L’eterna disputa tra pubblico e privato; dobbiamo favorire un punto d’incontro – di Vincenzo Salvati
Di certo, tutto il dibattito scaturito dalla querelle per la gestione di Aspi ha alimentato quella demonizzazione del privato a favore del pubblico che storicamente ci portiamo dietro. Anzi, in Italia proprio la paura di aprire ai privati, senza steccati ideologici e senza pregiudizi, ha prodotto un rallentamento dello sviluppo economico e persino sociale di gran parte del territorio, a cominciare dal Sud.
L’idea che lo “Stato madre” dovesse garantire il suo abbraccio rassicurante, anche a costo di indebitarsi e sperperare fondi, ha sempre prevalso, in alcuni ambienti della nostra società e della nostra cultura, su una ipotesi di un rapporto paritario, direi persino di sana concorrenza, tra pubblico e privato.
Si pensi alle scuole: “Prima la scuola pubblica” è uno slogan che molto spesso è stato usato con intenzioni strumentali e con l’obiettivo di mettere in cattiva luce gli istituti scolastici privati. E, sempre strumentalmente, ci si dimentica che esiste un solo sistema scolastico in Italia, composto insieme da scuole gestite dallo Stato e da quelle pubbliche non statali che rispondono a requisiti ben precisi. Questo sistema è, appunto, un sistema pubblico: cioè a disposizione di tutti.
E’ persino noioso anche dover sottolineare che non tutte le scuole veramente definibili private sono uguali. Non tutte sono dirette da imprenditori che puntano soltanto al denaro o agli aiuti dello Stato e regalano il diploma senza troppi patemi.
Tornando alle scuole pubbliche non statali c’è da considerare che se non ci fossero state le paritarie, in ampie zone del territorio italiano il sistema scolastico sarebbe in gravissima difficoltà e intere regioni rischierebbero la paralisi. Le scuole paritarie non sono quindi qualcosa di estraneo al sistema, ma ne fanno parte integralmente e spesso con risultati di alto livello. Questo tipo di scuole, cattoliche e non, operano con le stesse finalità di quelle del servizio pubblico: sono scuole che svolgono programmi allineati a quelli ministeriali. In questo caso, affermare che il privato è solo business e profitto è una banalizzazione insopportabile che, però, nell’Italia delle resistenze all’innovazione, alla concorrenza e alla meritocrazia non solo è dura a morire, ma spesso si rinvigorisce.

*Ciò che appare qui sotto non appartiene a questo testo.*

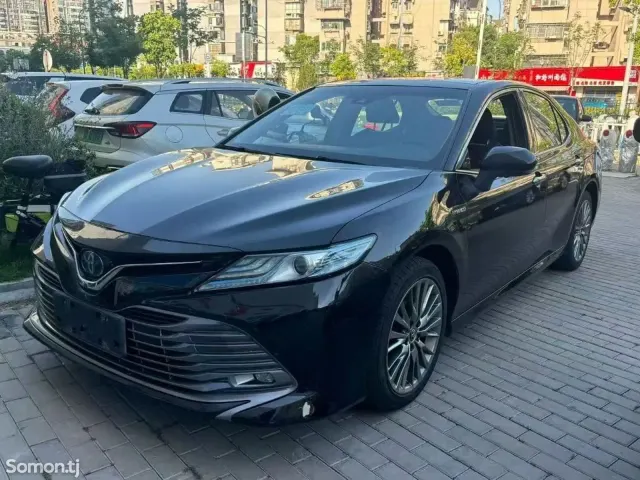 Toyota Camry 2018 · 2.5 AT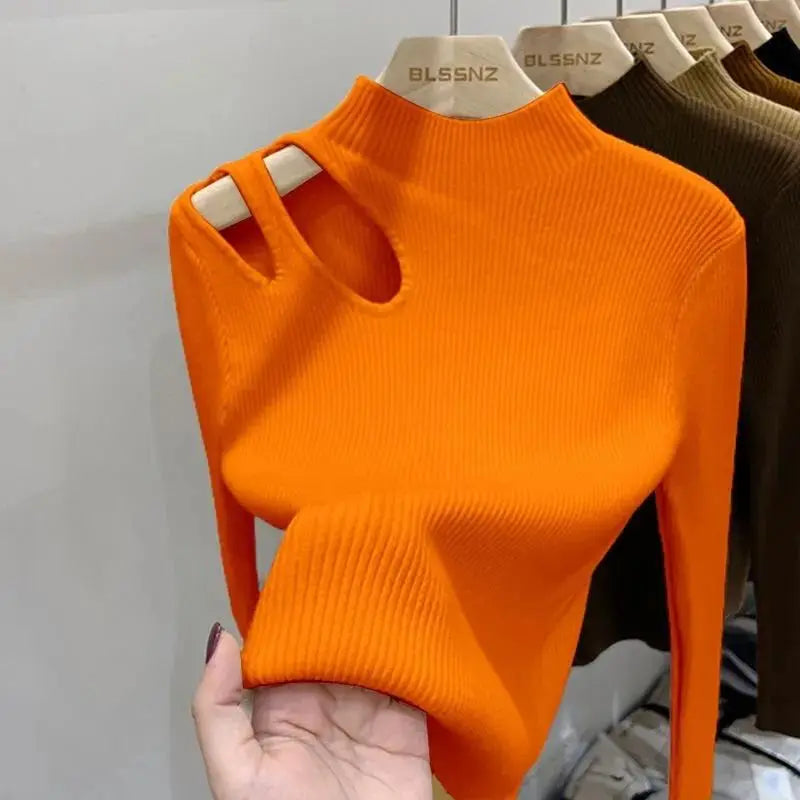 Camiseta ajustada de mujer con cuello alto - Corte asimétrico con recorte, tejido de canalé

In definitiva, nella scuola come in altri settori, prevale ancora la tendenza a guardare al privato in maniera “ideologica”, con quegli atavici condizionamenti che hanno sempre impedito autentiche pacificazioni sociali e culturali. Dobbiamo farci carico di superare questi condizionamenti e favorire, in questo come in altri ambiti, un processo di modernizzazione del Paese.